Contempt for expertise is not the only autocratic force at work in the case of S.B.1 and in similar laws. Another is the government’s intrusion into private lives — in this case, the shameless assumption that legislators can make decisions that rightfully belong with families and their physicians. The Federal District Court cited this issue as one of its reasons for overturning S.B.1. Parents have a “fundamental right to direct the medical care of their children,” the court wrote. That, however, is the part of the case the Supreme Court decided not even to consider.
A third force is the growing intolerance of minorities and, in particular, people who dare to challenge tradition. It’s a cliché to point out that the totalitarian governments of the 20th century jailed and killed freethinkers and outliers of every kind. But it’s a cliché that seems to need repeating, since contemporary autocrats do the same thing — and many of them start by targeting L.G.B.T.Q. people.

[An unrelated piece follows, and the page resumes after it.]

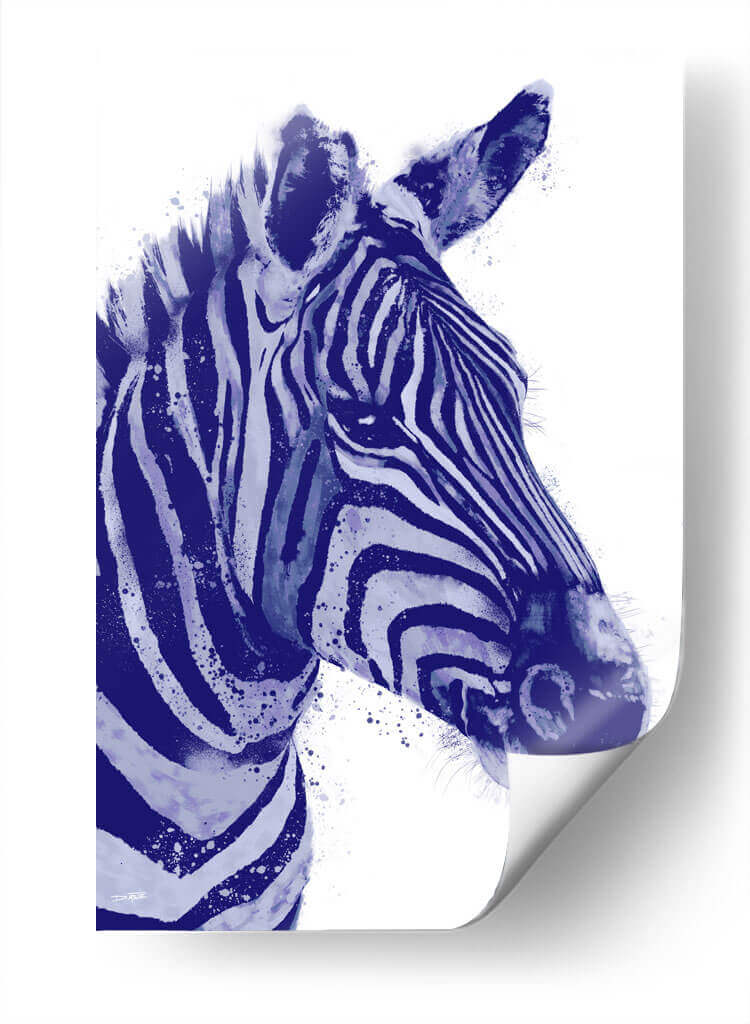 Cebra Morada - Hue Art | Cuadro decorativo de Canvas Lab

Some observers see reason to hope that Barrett and Neil Gorsuch will join the three liberal justices and the court will overturn S.B.1 as discriminatory. I do not share this optimism. I expect the court to uphold the Tennessee law, which will have immediate, devastating consequences for trans kids and their families.

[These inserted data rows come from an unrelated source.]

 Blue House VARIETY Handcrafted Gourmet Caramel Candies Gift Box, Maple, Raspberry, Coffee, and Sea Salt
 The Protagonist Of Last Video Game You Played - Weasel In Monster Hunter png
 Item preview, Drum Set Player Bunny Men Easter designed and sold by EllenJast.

Expect the bans on gender-affirming care for minors to spread. Already, some states are trying to restrict gender-affirming care for adults. Outright bans will follow. We trans people have only recently become a visible minority with any rights claims at all. Some people, like perhaps that Supreme Court staffer, have never even heard of nonbinary people or gender-neutral bathrooms. Reversing our gains won’t take long.
But it won’t stop with trans care. Governments at different levels will be emboldened to meddle in what should be private, family decisions. In and out of government, people who know what they are talking about will be supplanted by people who perform their loyalty most loudly. Quackery will continue its ascent; expert consensus, not only in medicine but in all the disciplines that enable us to know and navigate the world, will be marginalized. Consider S.B.1, the arguments in its defense — and the largely vacuous discussion of them in the Supreme Court — to be a preview.